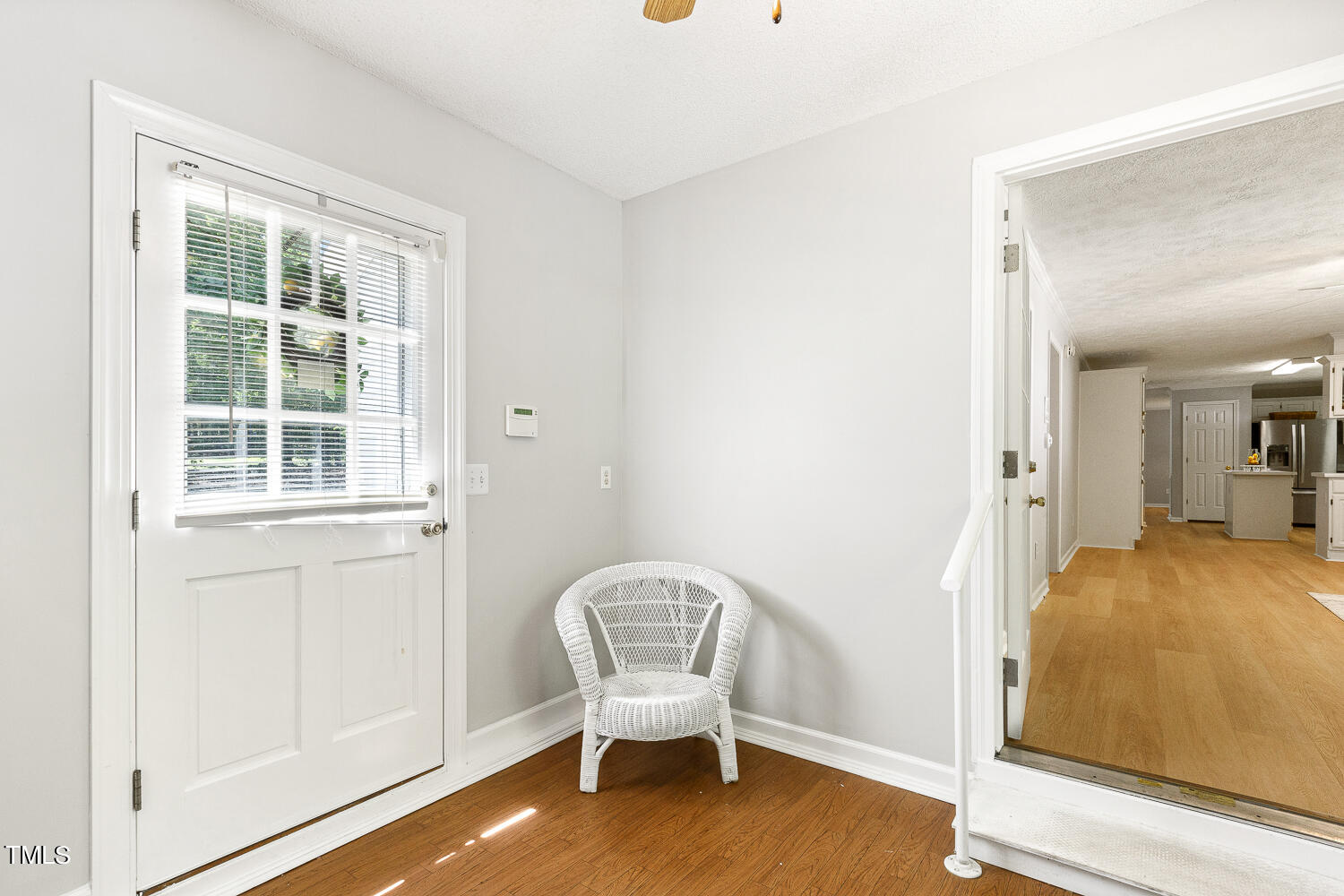 134 Rollins Mill Road Holly Springs, NC 27540 - Photo 24 of 33 a view of a bedroom with wooden floor and windows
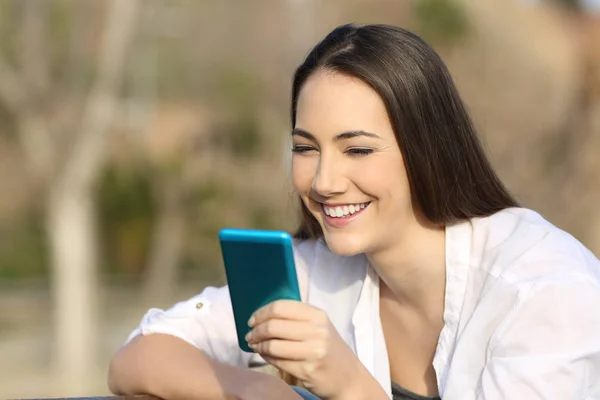 Mulher usando um telefone inteligente azul ao ar livre — Fotografia de Stock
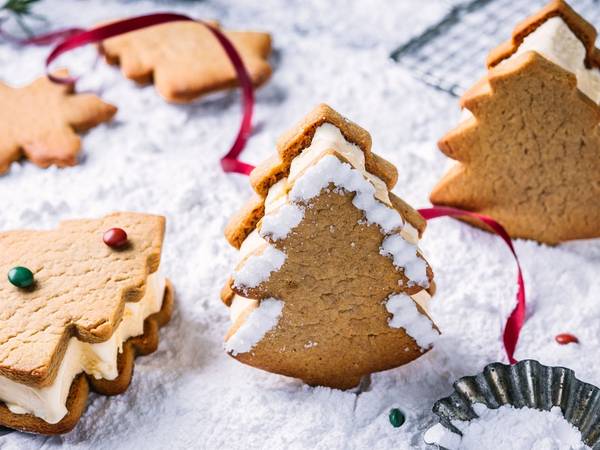 Pepperkaker i ulike former og med ulike dekorasjoner, plassert på et bord med julepynt og bakeutstyr.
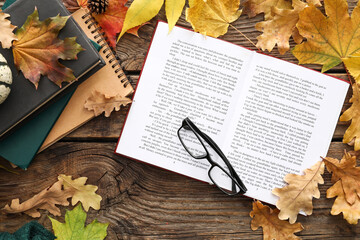 Wall Mural - Composition with open book, eyeglasses and autumn leaves on wooden background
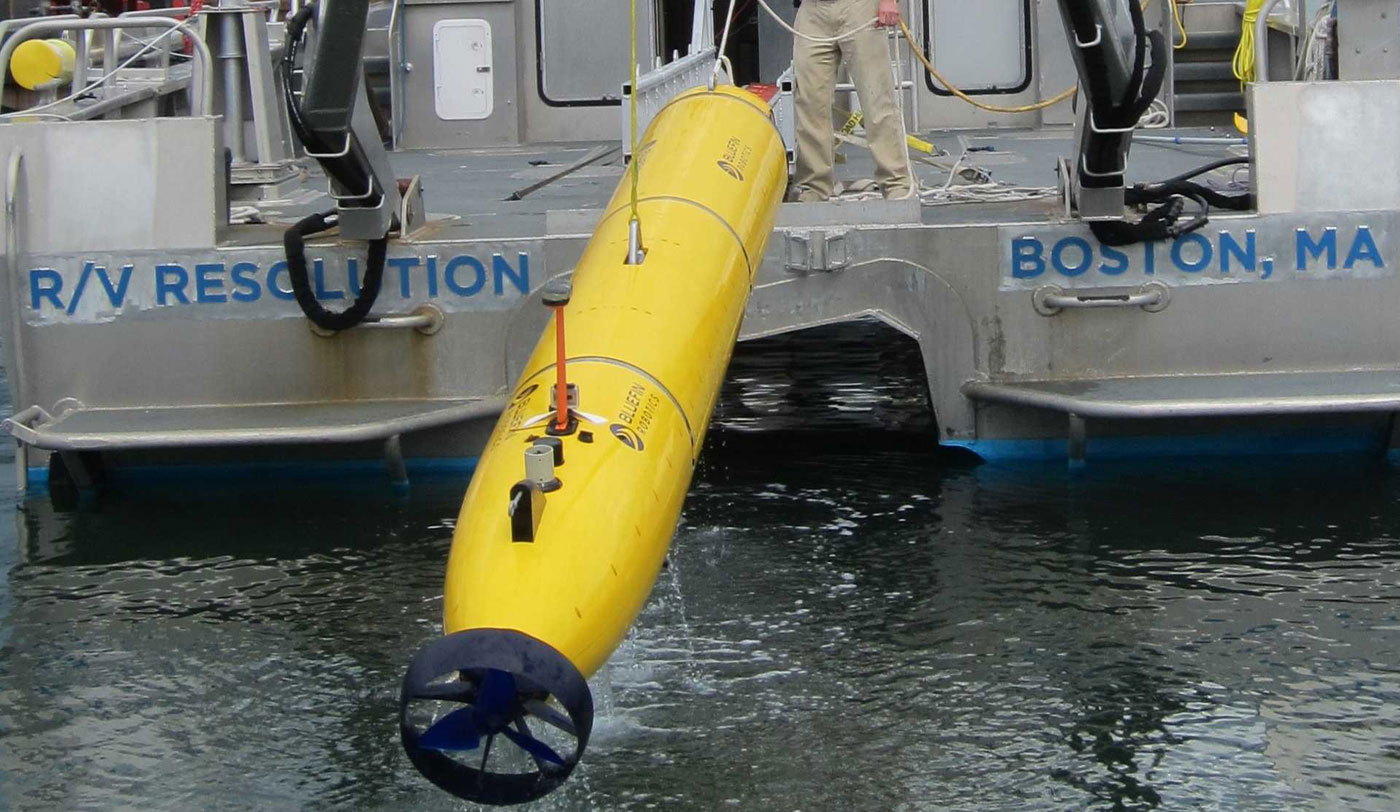 underwater robot being pulled from the water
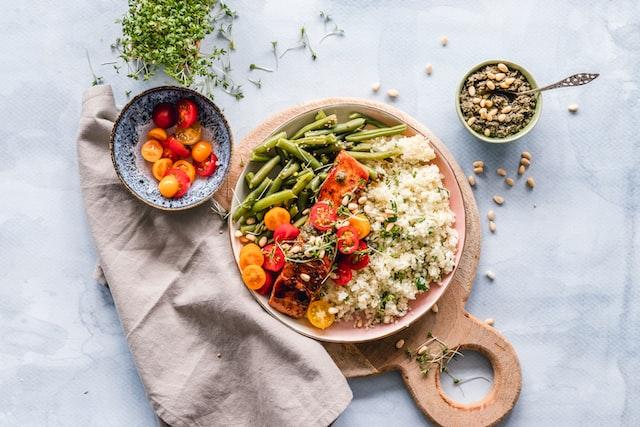 Food is served on top of a white cloth with a tan linen napkin next to it. The food is rice, sliced carrots, and green beans, with other unknown items in it.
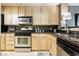 Well-lit kitchen features stainless steel appliances, light wood cabinetry, and dark countertops at 230 E Flamingo Rd # 212, Las Vegas, NV 89169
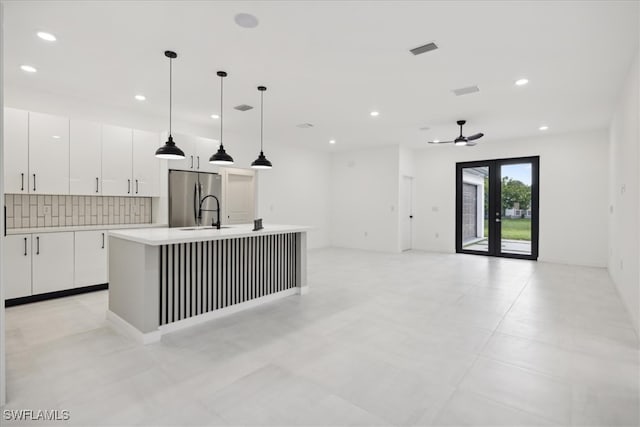 kitchen with stainless steel refrigerator, white cabinetry, decorative light fixtures, ceiling fan, and a center island with sink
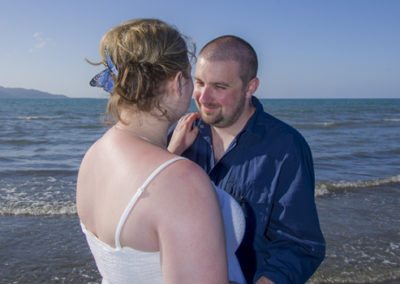 closeup of bride's hairpiece as couple embrace on beach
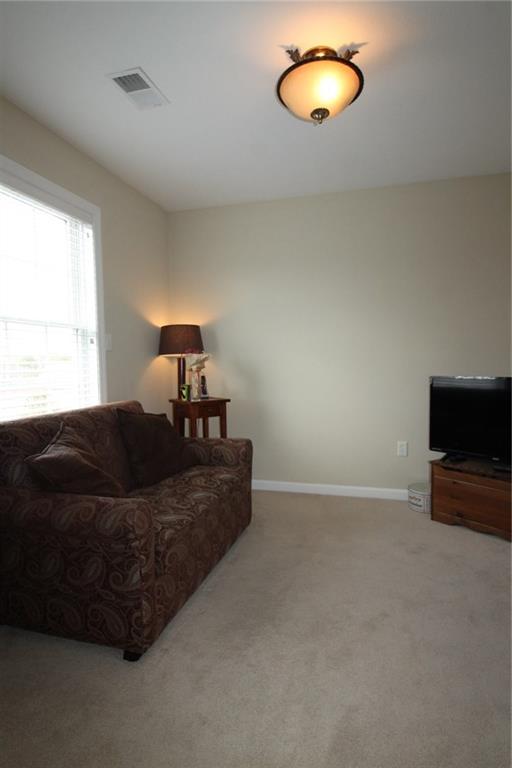 106 Rochelle Lane Monaca, PA 15061 - Photo 16 of 25 10 x 10 bonus room in owner's suite. Could be a nursery, office, craft or exercise room. Original plans of the house had it opening into the hallway as a 4th bedroom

○ ○ ○ ○

Task item => Please set down the lines from the one with "underwater robot being pulled from the water" to the end of the entries above, exactly as they are, and drop every picture.

Answer space =>
 underwater robot being pulled from the water
 Food is served on top of a white cloth with a tan linen napkin next to it. The food is rice, sliced carrots, and green beans, with other unknown items in it.
 Well-lit kitchen features stainless steel appliances, light wood cabinetry, and dark countertops at 230 E Flamingo Rd # 212, Las Vegas, NV 89169
 kitchen with stainless steel refrigerator, white cabinetry, decorative light fixtures, ceiling fan, and a center island with sink
 closeup of bride's hairpiece as couple embrace on beach
 106 Rochelle Lane Monaca, PA 15061 - Photo 16 of 25 10 x 10 bonus room in owner's suite. Could be a nursery, office, craft or exercise room. Original plans of the house had it opening into the hallway as a 4th bedroom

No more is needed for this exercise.